Shirley Povich died in June of 1998 at the age of 92. Along with his brother David, sister Lynn and former Post sports editor George Solomon, Maury Povich pulled together this personal collection and recollection of his father. They sorted through some 17,000 columns to choose the best for the book.
"I wanted the public throughout the country to get a taste of him," Maury Povich tells The Early Show co-anchor Hannah Storm. "Those of us in Washington, who grew up with him, knew all about him. He wrote for 13 presidents, for crying out loud."
People read his column seven days a week. Shirley Povich started when Calvin Coolidge was in office and ended with Bill Clinton.
Driven by a strong sense of social justice, Shirley Povich called for the integration of major league baseball in 1939, and 20 years later he was still at it, attacking Washington Redskins owner George Preston Marshall for having an all-white team.
"His leads would be: The Redskins came on the field in their colors, burgundy, gold and Caucasian," explains Maury Povich. "Or Jim Brown of the Cleveland Browns integrated the Redskins end zone three times. That's how he would do it."
When it came to writing, Maury Povich notes his father took the craft very seriously.
Maury Povich recalls, "Tom Shales, the Pulitzer Prize-winning TV critic of The Washington Post wrote a terrible article on me. Used every S word in the world: smarmy, slimy. I said, 'Dad, don't you read this! Don't let mom read it. This is really bad.' He said: 'Tom Shales is a fine writer. I helped to hire Tom Shales here at the Post.' 'But Dad, I'm your son.' 'Yeah, but good writers are hard to find.'"

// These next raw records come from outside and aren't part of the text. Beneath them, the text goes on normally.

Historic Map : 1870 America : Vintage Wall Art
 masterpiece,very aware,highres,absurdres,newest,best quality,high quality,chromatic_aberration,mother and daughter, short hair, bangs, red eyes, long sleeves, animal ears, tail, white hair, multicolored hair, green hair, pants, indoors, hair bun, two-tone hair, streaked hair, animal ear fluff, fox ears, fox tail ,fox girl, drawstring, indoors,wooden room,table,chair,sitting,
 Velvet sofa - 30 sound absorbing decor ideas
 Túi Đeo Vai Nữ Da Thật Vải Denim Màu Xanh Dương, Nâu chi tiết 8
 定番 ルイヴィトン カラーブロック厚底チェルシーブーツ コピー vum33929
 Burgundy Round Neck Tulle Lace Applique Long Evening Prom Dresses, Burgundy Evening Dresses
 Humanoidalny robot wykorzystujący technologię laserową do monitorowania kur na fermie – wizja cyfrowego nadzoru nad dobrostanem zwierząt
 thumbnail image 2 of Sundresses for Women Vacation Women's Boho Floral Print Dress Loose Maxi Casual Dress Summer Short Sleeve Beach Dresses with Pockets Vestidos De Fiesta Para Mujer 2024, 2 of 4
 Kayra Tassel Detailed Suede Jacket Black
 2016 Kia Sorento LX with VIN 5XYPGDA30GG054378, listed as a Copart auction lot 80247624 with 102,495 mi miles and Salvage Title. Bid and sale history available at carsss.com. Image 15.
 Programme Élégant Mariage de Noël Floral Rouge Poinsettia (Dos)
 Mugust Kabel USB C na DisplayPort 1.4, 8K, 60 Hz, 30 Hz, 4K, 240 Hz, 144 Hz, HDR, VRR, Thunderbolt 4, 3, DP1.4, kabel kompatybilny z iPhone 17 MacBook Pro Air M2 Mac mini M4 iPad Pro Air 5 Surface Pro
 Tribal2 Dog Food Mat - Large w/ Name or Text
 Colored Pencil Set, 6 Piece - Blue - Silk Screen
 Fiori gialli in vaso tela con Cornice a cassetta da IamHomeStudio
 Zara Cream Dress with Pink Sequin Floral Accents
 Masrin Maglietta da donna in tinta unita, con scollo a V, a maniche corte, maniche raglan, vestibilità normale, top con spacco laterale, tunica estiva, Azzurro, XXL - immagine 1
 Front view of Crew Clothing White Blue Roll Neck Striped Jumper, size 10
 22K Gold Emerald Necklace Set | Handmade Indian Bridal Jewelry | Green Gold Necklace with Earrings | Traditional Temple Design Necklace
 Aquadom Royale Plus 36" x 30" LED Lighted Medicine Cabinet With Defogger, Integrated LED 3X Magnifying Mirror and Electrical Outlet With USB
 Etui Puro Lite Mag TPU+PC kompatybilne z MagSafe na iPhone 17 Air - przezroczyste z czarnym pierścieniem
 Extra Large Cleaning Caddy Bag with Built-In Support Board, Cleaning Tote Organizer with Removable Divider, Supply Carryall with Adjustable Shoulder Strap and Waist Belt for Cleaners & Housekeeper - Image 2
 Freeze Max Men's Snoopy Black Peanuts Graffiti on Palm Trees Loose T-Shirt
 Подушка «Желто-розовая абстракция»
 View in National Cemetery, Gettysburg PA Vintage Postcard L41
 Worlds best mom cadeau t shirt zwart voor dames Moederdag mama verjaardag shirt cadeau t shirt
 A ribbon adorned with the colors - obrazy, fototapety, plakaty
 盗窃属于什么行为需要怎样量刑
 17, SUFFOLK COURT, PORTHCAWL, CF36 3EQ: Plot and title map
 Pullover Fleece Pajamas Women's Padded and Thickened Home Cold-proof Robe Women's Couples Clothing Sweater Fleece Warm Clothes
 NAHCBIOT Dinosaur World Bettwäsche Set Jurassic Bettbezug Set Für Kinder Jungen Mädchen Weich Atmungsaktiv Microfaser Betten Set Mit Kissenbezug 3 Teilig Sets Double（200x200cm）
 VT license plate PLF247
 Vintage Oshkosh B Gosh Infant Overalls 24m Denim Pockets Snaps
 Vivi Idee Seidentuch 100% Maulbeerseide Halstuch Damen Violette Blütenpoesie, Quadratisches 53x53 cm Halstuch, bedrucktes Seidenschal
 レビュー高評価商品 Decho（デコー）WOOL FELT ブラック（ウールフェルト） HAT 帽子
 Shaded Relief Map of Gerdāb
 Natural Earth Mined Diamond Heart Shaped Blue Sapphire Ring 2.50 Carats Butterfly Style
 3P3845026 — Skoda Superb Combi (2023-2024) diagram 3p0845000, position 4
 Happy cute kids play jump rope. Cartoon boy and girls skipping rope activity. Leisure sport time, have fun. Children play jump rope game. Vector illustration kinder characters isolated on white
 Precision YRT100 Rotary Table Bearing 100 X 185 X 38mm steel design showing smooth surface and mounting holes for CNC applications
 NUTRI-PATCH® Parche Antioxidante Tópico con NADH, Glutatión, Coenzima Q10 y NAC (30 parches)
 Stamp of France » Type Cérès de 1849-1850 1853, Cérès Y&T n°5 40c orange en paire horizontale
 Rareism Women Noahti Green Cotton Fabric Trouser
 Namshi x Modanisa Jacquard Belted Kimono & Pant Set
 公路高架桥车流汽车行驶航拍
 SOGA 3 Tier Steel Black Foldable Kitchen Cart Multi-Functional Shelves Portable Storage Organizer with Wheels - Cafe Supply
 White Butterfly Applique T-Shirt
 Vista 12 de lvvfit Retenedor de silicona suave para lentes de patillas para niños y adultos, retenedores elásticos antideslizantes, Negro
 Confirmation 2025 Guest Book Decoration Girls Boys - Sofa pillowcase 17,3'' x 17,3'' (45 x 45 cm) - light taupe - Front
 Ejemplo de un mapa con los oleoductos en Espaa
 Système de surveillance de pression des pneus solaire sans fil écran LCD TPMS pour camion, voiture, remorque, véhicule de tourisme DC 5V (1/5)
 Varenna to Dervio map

Conversing with his dad is what he misses most, Povich says.
He says, "The day after he died, the Belmont was held. One of the horses won by, like, a nose. And it was a mile-and-a-half around the track and nose-to-nose. And I wanted to pick up the phone and talk to him.
"We used to talk every day about sports. And I couldn't. I think it rang a bell with people about their dad, or your mom. You want to talk to them and you can't."